Mr. Karnowski's number appears on a list of surveillance targets accessible to members of the international Pegasus Project consortium. Polish intelligence services logged into the mayor’s phone at least a dozen times between November 2018 and March 2019. It remains unclear how much and what sort of data was downloaded. An analysis of Mr. Karnowski's phone at the time did not help to determine this. All data from the device had been wiped (the phone was given to another person).

Polish government services have a statutory obligation to destroy data in case they fail to detect and confirm a crime, but they are not required to inform the target about it.

- A person who has been spied on has no legal way of finding out that he or she was of interest to the intelligence services.

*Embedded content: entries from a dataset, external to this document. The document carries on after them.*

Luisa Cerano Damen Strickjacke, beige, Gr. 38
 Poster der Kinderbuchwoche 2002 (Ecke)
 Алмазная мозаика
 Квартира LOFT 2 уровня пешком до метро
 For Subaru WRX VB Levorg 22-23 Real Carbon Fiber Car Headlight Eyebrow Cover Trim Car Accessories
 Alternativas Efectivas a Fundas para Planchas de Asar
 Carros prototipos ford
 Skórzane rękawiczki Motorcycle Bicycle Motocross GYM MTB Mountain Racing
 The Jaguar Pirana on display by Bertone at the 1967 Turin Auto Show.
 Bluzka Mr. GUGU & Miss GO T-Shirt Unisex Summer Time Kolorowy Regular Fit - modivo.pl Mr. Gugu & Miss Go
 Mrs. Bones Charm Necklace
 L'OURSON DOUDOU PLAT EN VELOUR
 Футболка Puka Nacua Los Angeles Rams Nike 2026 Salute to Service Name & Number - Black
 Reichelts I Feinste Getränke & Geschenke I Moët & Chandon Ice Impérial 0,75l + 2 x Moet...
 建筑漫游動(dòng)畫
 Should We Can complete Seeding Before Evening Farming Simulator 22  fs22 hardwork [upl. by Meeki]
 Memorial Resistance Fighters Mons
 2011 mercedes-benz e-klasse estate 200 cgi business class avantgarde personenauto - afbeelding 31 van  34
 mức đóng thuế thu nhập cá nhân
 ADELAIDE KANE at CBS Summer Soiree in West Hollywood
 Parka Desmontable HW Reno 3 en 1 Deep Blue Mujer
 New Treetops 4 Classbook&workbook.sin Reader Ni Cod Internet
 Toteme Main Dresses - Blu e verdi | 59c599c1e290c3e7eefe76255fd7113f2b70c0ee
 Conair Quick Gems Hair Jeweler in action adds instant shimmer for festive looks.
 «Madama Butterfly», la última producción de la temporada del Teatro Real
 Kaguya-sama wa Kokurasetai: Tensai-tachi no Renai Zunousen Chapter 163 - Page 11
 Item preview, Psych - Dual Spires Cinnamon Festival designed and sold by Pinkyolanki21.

Especially if the materials are not included in any legal proceedings later on- says Wojciech Klicki, a lawyer associated with the Panoptykon Foundation.

There are no pending proceedings against Mr. Karnowski. He has not been called as a witness either. The Gdańsk branch of CBA, which is most likely responsible for hacking the mayor’s phone, investigated him once before. In 2008, businessman Sławomir Julke accused Mr. Karnowski of attempted bribery. After ten years, Karnowski was cleared of all charges, and some of them were dropped by the prosecutor himself.

The list of Pegasus targets keeps getting longer

Polish intelligence services used Pegasus spyware until November 2021 when its license expired and was not renewed by the program’s manufacturer. The Israeli Ministry of Defense blacklisted Poland and Hungary when it was revealed that their governments had used the tool to spy on opposition members and journalists.

The spyware scandal broke out in December 2021 when the Associated Press revealed that Pegasus had been used dozens of times in 2019 to spy on the opposition senator Krzysztof Brejza (at a time when he was running the Civic Coalition's election campaign), and later to track the high-profile lawyer Roman Giertych and prosecutor Ewa Wrzosek.

The Polish government went to great lengths to cover up its purchase of the spyware. There are reasons to believe that the Ministry of Justice, which coordinated the transaction, misused public funds.